The classic review of the field is by Hanggi, Talkner, and Borkovec. The figures in this post are from a paper by Riseborough, Hanggi, and Freidkin.
In the full quantum problem one must include the effects of quantum tunneling
below the potential barrier and the effects of the friction/environment.
Significant progress was made beginning in 1975 when Bill Miller (a chemist) showed that in the semi-classical limit tunneling through a potential barrier V(q) could be described by a periodic solution to the classical equations of motion for the inverted potential -V(q).
This corresponds to motion in imaginary time, tau.
Two trivial (but physically important) solutions are the constant solutions corresponding the top of the barrier and the reactant position.
At finite temperature T the periodic solution must have period (in imaginary time) equal to theta = hbar/(k_B T).
The value of the action for this periodic solution determines the transmission probability and agrees with the WKB approximation. This periodic solution is known as the "bounce" and after it was re-discovered by physicists in 1977 as the "instanton." Examples of bounce solutions for different temperatures are shown below.

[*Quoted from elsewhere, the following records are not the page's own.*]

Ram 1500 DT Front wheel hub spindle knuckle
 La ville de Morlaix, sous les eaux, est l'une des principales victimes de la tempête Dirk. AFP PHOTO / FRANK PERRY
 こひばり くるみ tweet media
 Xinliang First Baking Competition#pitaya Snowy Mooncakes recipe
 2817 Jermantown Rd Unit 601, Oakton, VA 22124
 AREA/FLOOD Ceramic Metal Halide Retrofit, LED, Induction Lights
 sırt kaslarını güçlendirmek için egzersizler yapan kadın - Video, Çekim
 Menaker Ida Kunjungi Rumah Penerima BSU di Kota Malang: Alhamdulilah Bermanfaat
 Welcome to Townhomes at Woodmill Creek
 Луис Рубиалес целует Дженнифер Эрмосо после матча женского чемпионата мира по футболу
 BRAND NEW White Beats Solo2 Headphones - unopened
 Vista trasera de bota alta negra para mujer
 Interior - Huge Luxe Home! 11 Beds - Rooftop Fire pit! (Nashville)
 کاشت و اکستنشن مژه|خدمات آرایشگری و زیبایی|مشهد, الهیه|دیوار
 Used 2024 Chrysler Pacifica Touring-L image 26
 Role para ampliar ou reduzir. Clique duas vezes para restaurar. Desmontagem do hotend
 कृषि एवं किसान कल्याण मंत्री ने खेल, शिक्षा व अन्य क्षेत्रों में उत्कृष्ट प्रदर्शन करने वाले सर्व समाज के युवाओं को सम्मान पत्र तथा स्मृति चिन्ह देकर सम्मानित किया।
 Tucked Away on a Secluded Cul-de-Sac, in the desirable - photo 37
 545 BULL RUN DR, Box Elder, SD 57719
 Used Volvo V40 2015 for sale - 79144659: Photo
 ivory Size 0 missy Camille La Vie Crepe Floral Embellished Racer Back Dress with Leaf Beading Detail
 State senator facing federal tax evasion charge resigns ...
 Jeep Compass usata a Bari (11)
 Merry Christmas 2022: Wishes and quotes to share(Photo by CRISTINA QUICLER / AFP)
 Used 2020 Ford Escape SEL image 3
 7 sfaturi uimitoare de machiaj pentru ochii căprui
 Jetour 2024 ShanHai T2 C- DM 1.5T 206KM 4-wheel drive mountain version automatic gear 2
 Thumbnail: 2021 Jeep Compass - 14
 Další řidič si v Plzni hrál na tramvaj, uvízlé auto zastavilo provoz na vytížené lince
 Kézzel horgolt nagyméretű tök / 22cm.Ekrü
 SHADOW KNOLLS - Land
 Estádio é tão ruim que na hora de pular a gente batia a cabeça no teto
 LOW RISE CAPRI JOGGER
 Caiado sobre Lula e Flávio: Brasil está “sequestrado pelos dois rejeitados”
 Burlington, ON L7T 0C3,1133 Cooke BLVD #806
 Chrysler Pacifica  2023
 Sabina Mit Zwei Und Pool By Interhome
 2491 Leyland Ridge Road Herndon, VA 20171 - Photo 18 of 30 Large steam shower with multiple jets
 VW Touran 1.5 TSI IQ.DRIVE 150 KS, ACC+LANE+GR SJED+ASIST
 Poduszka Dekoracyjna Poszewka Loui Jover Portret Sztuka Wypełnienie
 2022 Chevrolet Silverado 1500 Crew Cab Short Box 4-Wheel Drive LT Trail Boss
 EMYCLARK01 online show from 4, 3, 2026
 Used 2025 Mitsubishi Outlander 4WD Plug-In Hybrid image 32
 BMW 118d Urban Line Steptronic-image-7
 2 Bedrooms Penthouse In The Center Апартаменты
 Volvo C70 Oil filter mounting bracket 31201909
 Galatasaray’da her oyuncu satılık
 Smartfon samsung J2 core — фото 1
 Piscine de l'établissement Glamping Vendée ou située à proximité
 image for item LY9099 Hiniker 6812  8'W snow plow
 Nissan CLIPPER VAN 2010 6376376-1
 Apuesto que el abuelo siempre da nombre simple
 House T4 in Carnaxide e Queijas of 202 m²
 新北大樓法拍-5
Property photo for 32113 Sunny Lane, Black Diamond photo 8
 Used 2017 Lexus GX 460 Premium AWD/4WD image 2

The bottom right figure corresponds to the lowest temperature and most of the imaginary time trajectory is spent near q=0, i.e., at the bottom of the potential and corresponds to tunneling from the bottom of the well.
The bounce solution only exists if the temperature is sufficiently low and the curvature of the potential barrier large enough.
If not, no tunneling below the barrier occurs. i.e., the reaction can only proceed via activation over the barrier.
In the early 1980's Caldeira and Leggett showed with path integral methods how the effects of dissipation due to the environment could be included. Again, tunneling is described by a periodic solution to motion in an inverted potential with a non-local "frictional" force.
Again tunneling only occurs if the temperature is sufficiently low.